Hi, @gilesbutler. Netlify deploys are atomic. When you deploy a site all files are included for that deploy. Any files for previous deploys no longer exist unless they also exist in the current deploy.
I’m also assuming the site uses the single page application rule (aka SPA rule) below:
/* /index.html 200
So, when a new deploy occurs the app.<previous_hash_here>.js
file stops existing. So, index.html
is served for that path instead of the expected javascript. It is a 404 not found being turned into a 200 with index.html
because of the SPA rule.
The issue here, even without the filenamehashing
, is that people that are in the middle of navigating the site will attempt to load the next chunk of javascript but the versions of that javascript have changed from what the currently loaded browser window expects.
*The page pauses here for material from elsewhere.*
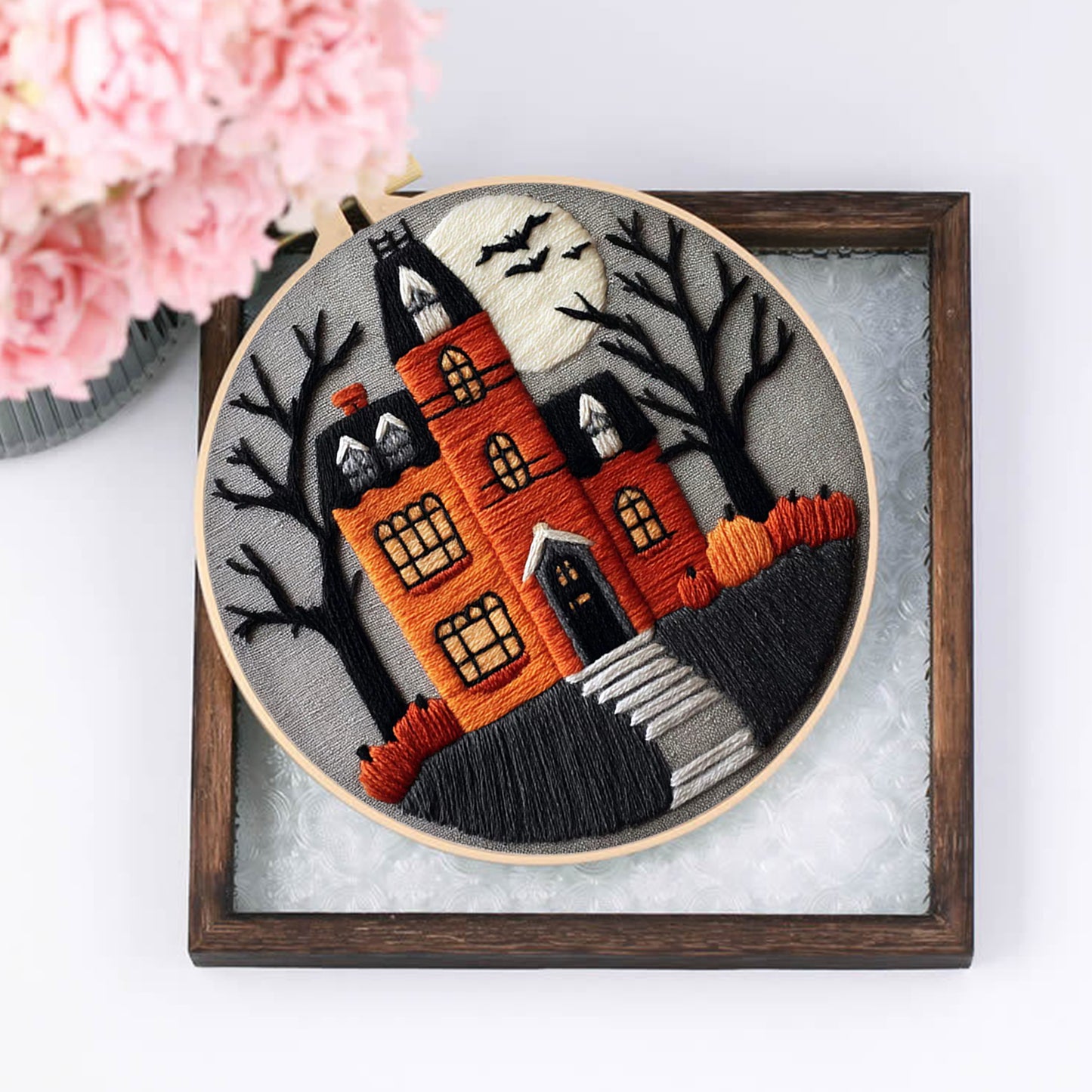 4PCS Halloween - DIY Embroidery Cross Stitch Kit with Pattern Cotton Threads Needles Hoop 25x25CM/9.84x9.84in
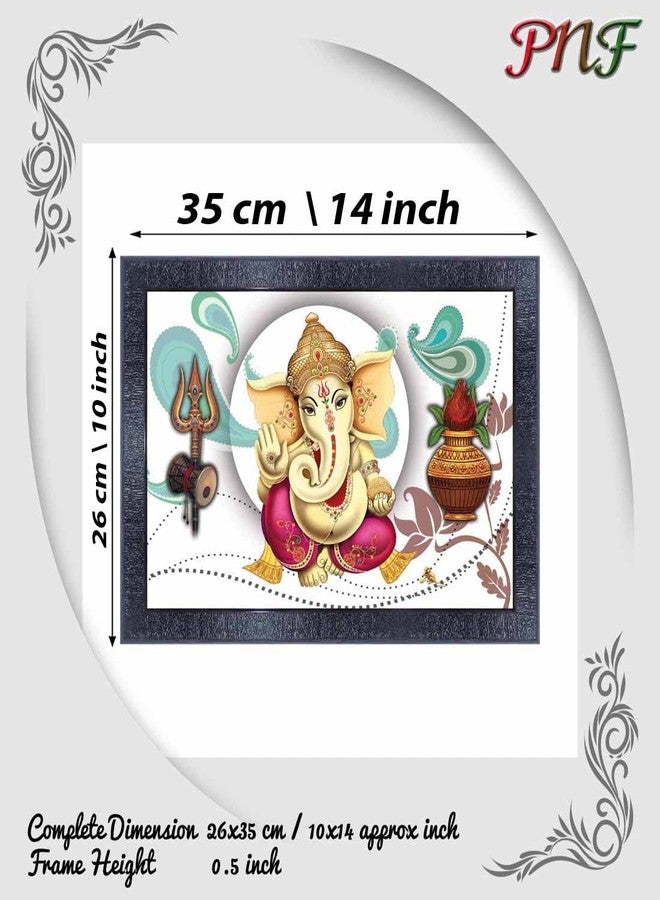pnf Poster And Frames Ganesh Ji Wooden Photo Frame With Acrylic Sheet | For Living, Pooja Room | Home Decoration Item | Best Gifting Option (10 * 14inch,Multicolour,Synthetic) 6703 - Image 2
Hashed name or non-hashed name - either way - if the chunks have changed, there may be incompatibilities between the currently loaded javascript and the next chunk.
It seems to me that a key question here is: “How does the current page know when it’s javascript and therefore it’s references to other chunks is out of date and that he current javascript itself must be reloaded before navigating to the next route/page?”
My best guess would be that, before the site loads any new javascript, the browser would do a HEAD request on the currently loaded app.js asset and reload it if its etag
has changed. I would hope that there is a built-in solution for this already in Vue but I’m not familiar enough with Vue to answer.
Do you know if this is already a solved problem with the Vue framework?